The following validations and standardizations were performed to improve the quality and utility of data in BIEN 2:
- Taxonomic name resolution
- Taxon names standardized according to Tropicos using the external Taxonomic Name Resolution Service (TNRS)
- Family classification standardized according to APG III
- Due to shortcomings of Tropicos's Computed Acceptance algorithm, not all synonymous names have been resolved. In particular, many slight spelling variants remain in the BIEN 2 database. See Caveat #3.
- Geographic name resolution
- Political division names (country, state/province, county/parish) are standardized where possible
- A required preparation for geovalidation
- Scripts by Brad Boyle, with assistance from John Donoghue
- Geovalidation
- Uses point-in-polygon method to check if coordinate fall within asserted political divisions
- All observations validated at country level
- US, Mexico and Brazil validated at state/province level
- Distance error is provided for points falling outside the declared political division
- Scripts by John Donoghue
- Counts of individuals per species per plot
- Aggregation of individuals and counts of abundance implemented during building of core database table PlotAggregateFact (by students of Steve Dolins et al.)
- Unfortunately, this aggregation appears to have been done incorrectly and therefore abundance values in BIEN 2 cannot be used (see Caveats)
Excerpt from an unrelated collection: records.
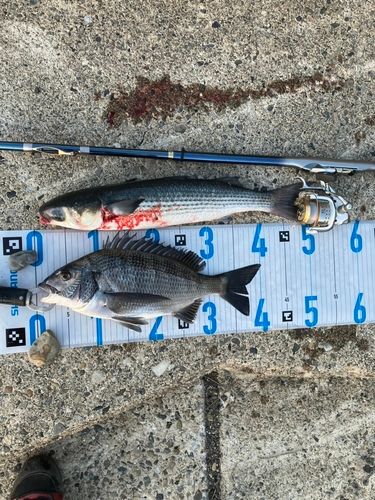 チヌの釣果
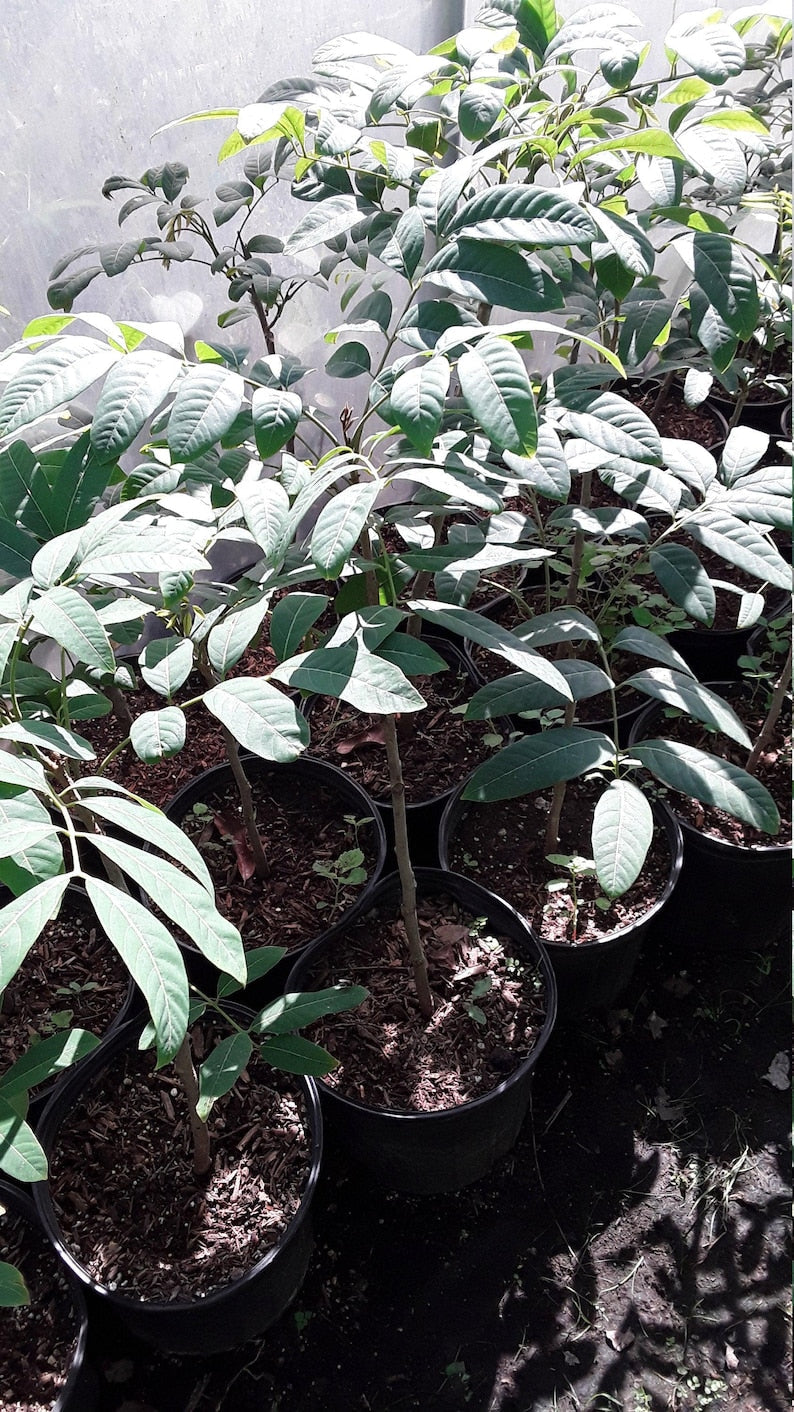 Longan Live Plant in 1-Gallon Pot | Dimocarpus longan Tropical Fruit Tree | Air Layered 1-2 Feet Tall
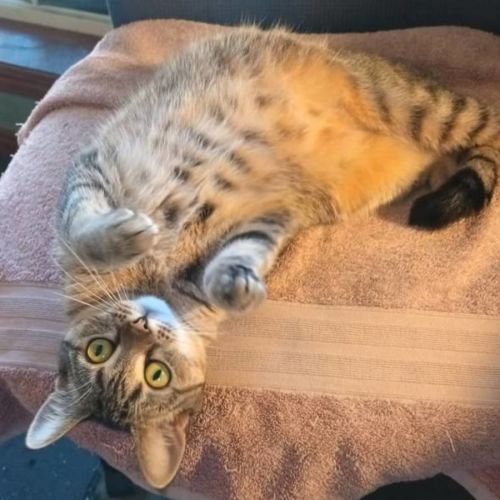 Merry - Domestic Short Hair (DSH) Cat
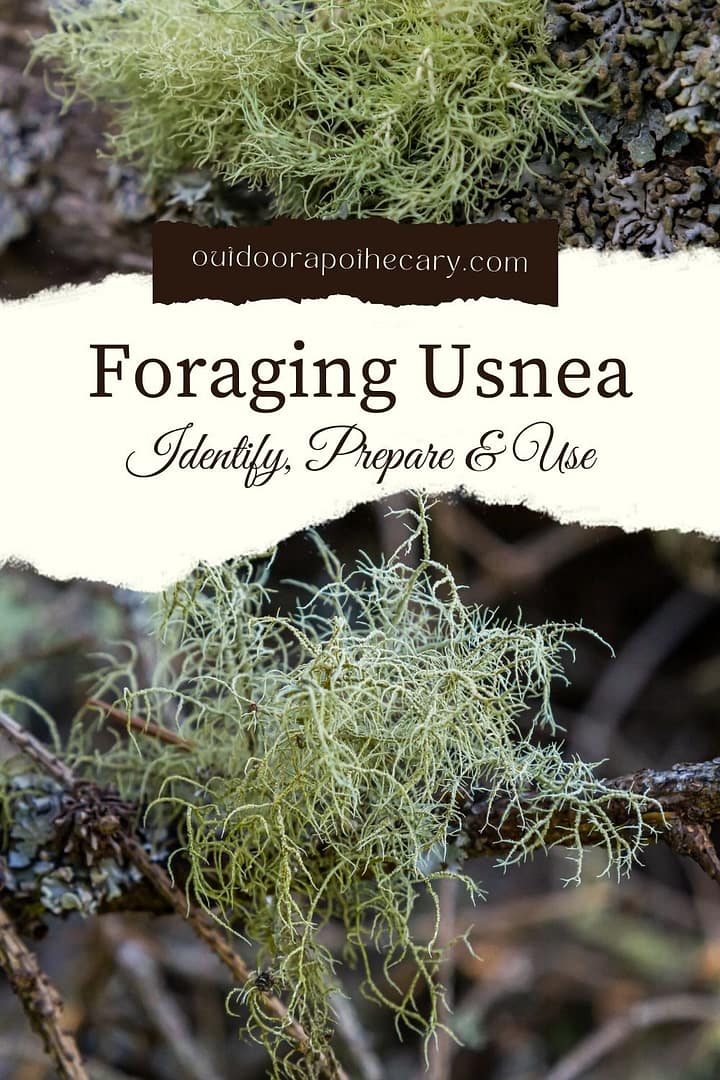 foraging usnea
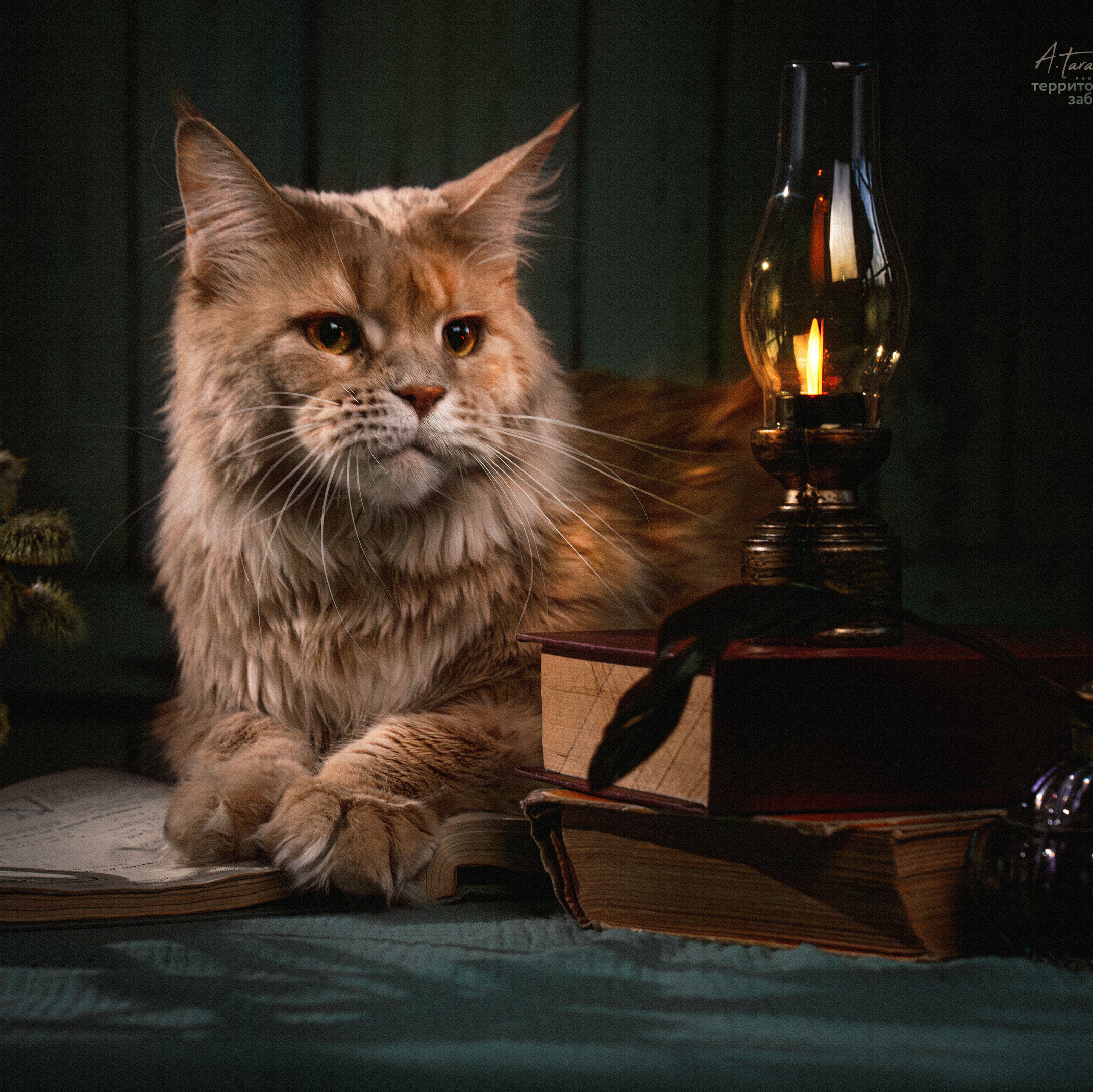 Контакты. Фотограф-анималист, семейный фотограф в Москве и Подмосковье. Фотосъёмка кинологических дисциплин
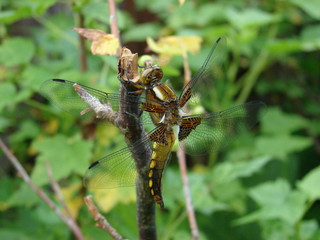 summer sister - dragonfly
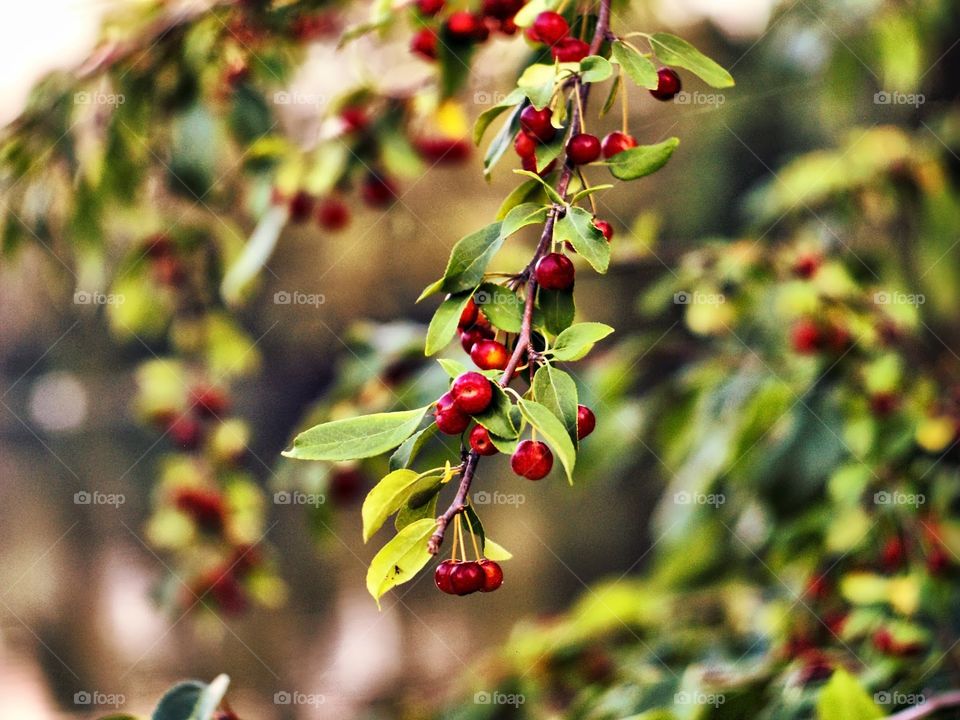 Red Autumn Berries on a branch
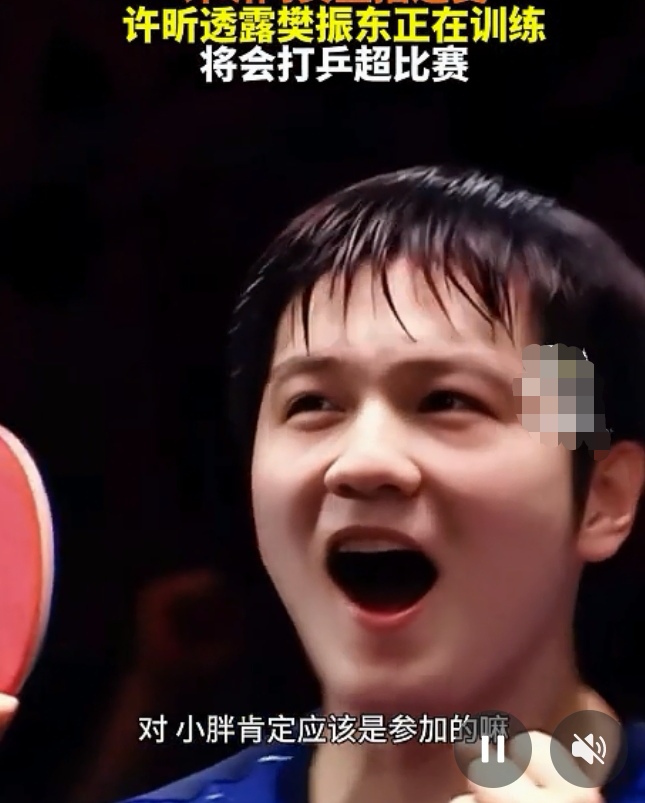 德国乒乓球队轻取比利时乒乓球队,许昕完成帽子戏法的简单介绍 德国乒乓球队轻取比利时乒乓球队,许昕完成帽子戏法的简单介绍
- Detection and flagging of suspected cultivated specimens
- Uses original cultivated flags, if any, plus algorithms based on (a) key words in locality description (e.g., "cultivated", "planted", "garden", etc.), (b) known distributions of specific higher taxa (e.g., no pines south of Nicaragua), and (c) proximity to locations of herbaria and botanical gardens.
- Scripts by Brad Boyle
- Designation of major higher taxon for each species
- All nodes of the NCBI Taxonomy phylogenetic tree are included in BIEN2
- Each taxon is indexed using modified pre-order tree traversal, allowing rapid lookup of all descendent or all ancestors of a given node.
- Each observation in BIEN 2 is joined to the NCBI phylogenetic backbone by family and genus
- Ancestor lookups of NCBI nodes are used to populate column `higherPlantGroup`, which provides a convenient shortcut for major higher taxa
- Values of higherPlantGroup: "bryophytes", "ferns and allies", "Flowering plants", "gymnosperms (conifers)", "gymnosperms (non-conifer)"
- Embryophytes (land plants) have a non-null value of higherPlantGroup, non-Embryophytes are null.
- Scripts by Brad Boyle
- Normalization and indexing of data sources
- Metadata pertaining to data sources and data ownership were scattered throughout the original BIEN database
- These have been collated into a single table, with sources linked to the observations they provided
- Querying this table allows proper attribution of all data used
- Scripts by Brad Boyle
- Improved plot methodology metadata
- Variable, unconstrained descriptions of plot methodology have been standardized in the columns `plotAreaHa`, `plotMinDbh` and `plotMethod`, allowing more reliable recognition of plots which use a similar methodology (for example, "0.1 ha transect", "1 ha plot").